There are a number of ways to implement combatant AI in RPG battle games such as Dragon Quest or Pokemon. However, one simple approach is to develop a list of probabilities for all actions that a combatant can take, then draw a random action based on these probabilities. In some games, such probability lists may have been explicitly specified by designers and remained static regardless of the actual state of the battle. While in other games, more advanced logic, perhaps even incorporating combo attacks over the course of turns, may have been employed. Whatever the approach, the number of unique takes on battle AI throughout games is wide and varied.

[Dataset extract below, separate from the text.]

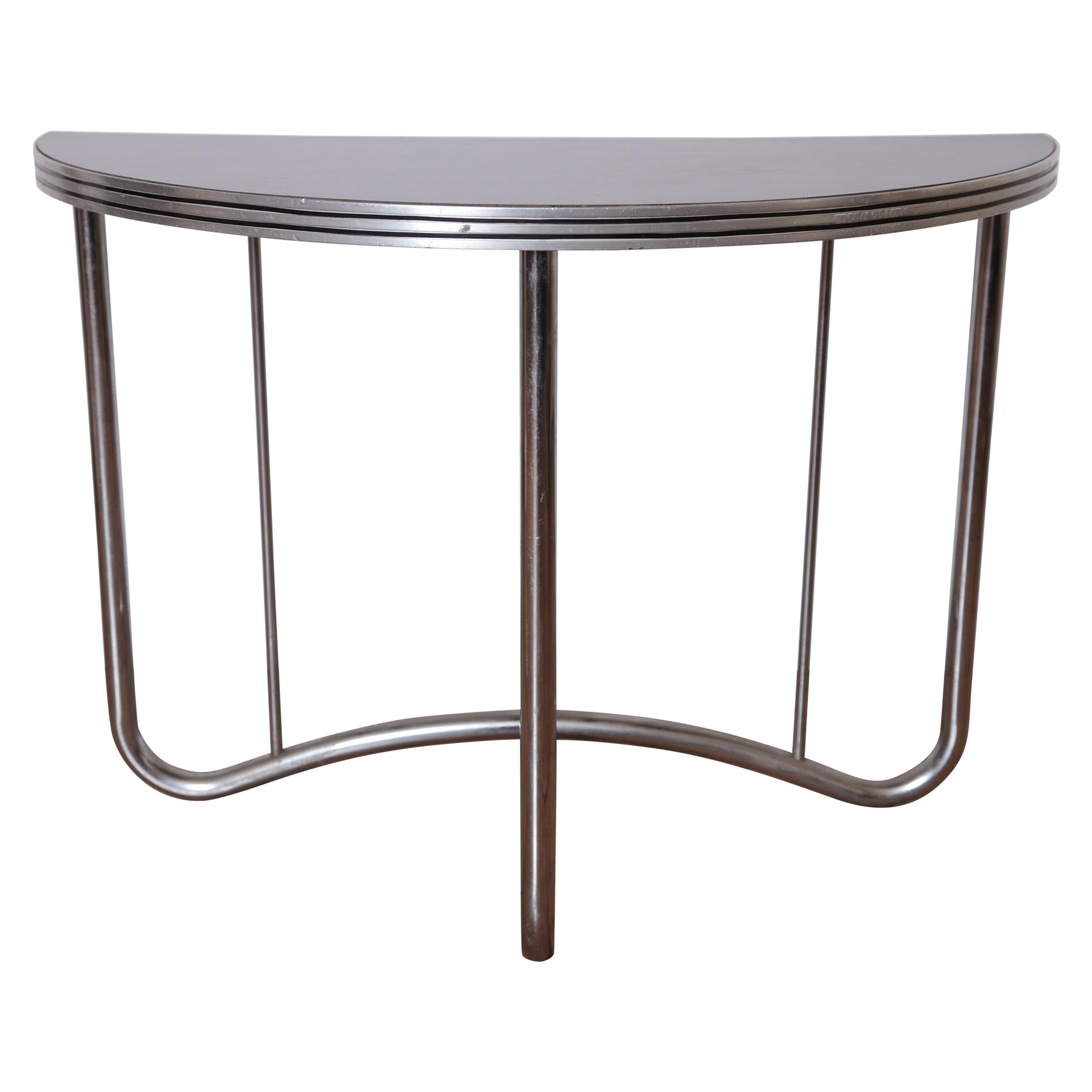 Art Deco Machine Age Manner of Wolfgang Hoffmann Demi, Lune Side End Table For Sale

Ultimately, the implementation perhaps comes down to what features the game developers felt was most important for the gameplay, as well as what was technically and economically feasible at the time.

Personally, I feel that some important features that should be included in battle AI are:

  • The AI should change based on the game difficulty. While this should include specific difficulty modes such as Easy, Normal, or Hard, it should also include considerations of the difficulty curve over the progression of the game. For example, earlier enemies should perhaps be easier than later enemies since the player is still learning the game. Moreover, boss enemies might present large difficulty spikes in order to keep the player from getting too comfortable.
  • The AI should adapt to the current battle scenario. Attacks that exploit an enemy’s weakness should be used more frequently, and healing should be performed when an ally’s health becomes lower.
  • Different AI should employ different strategies, such as being more passive or more aggressive. This creates more contrast in enemy types and allows the implementation of more class based gameplay.

This post presents an approach to creating battle AI that aims to incorporate these features using weights, which are used for calculating the probabilities for action selections.

Action Probability Vector

For this approach, we will define the probability vector for selecting a set of actions as

\[\vec{p} = \text{softmax} ( \{ w_i w_s w_c w_m \} )\]

where

  • $ w_i = $ the intelligence weight.
  • $ w_s = $ the strategy weight corresponding to the action code of an element.
  • $ w_c = $ the weight for the action code of an element.
  • $ w_m = $ an optional weight for an element that may be manually specified by the designer.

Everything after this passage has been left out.